> Task objective
Using the data beneath this instruction, retype only the lines from the one that contains "POLICE - EVERY BREATH YOU TAKE" down to the one that contains "Chevrolet Tracker LS 2018 Atuntaqui", both included, exactly as they appear.

___ Supplied records

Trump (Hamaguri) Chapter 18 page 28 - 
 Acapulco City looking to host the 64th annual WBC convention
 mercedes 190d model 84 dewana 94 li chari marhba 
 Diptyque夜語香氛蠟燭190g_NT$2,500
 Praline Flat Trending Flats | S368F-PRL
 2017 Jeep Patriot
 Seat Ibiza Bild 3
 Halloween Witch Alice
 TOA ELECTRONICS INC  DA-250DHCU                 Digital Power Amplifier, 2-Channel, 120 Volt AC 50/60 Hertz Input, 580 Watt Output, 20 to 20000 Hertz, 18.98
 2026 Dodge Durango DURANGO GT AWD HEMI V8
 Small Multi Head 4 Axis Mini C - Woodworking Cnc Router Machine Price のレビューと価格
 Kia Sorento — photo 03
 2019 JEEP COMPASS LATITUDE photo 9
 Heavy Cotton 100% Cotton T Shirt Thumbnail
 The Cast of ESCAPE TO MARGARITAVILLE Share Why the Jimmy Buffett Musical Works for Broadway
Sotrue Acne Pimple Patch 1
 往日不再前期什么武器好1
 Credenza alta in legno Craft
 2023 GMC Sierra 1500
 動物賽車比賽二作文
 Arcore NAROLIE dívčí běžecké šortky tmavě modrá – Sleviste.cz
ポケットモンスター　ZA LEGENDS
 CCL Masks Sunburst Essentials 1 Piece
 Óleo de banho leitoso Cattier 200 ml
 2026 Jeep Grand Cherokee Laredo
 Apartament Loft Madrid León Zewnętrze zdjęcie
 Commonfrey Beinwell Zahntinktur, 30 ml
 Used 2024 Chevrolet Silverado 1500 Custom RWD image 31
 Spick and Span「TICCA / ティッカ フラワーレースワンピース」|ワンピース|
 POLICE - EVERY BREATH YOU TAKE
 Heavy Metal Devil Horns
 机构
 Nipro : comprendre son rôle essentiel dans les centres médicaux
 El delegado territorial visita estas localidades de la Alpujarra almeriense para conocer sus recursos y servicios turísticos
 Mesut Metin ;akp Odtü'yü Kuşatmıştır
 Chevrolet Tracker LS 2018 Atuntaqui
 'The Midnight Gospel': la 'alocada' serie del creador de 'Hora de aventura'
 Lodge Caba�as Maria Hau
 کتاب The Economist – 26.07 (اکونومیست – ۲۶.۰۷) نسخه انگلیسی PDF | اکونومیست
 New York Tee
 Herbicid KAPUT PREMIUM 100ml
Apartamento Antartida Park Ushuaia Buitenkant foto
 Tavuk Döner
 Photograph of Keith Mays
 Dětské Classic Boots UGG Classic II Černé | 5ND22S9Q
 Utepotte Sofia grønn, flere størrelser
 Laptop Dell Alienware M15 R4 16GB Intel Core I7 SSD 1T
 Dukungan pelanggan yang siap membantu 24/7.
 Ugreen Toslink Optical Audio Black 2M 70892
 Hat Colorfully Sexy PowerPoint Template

______

> Response box
 POLICE - EVERY BREATH YOU TAKE
 Heavy Metal Devil Horns
 机构
 Nipro : comprendre son rôle essentiel dans les centres médicaux
 El delegado territorial visita estas localidades de la Alpujarra almeriense para conocer sus recursos y servicios turísticos
 Mesut Metin ;akp Odtü'yü Kuşatmıştır
 Chevrolet Tracker LS 2018 Atuntaqui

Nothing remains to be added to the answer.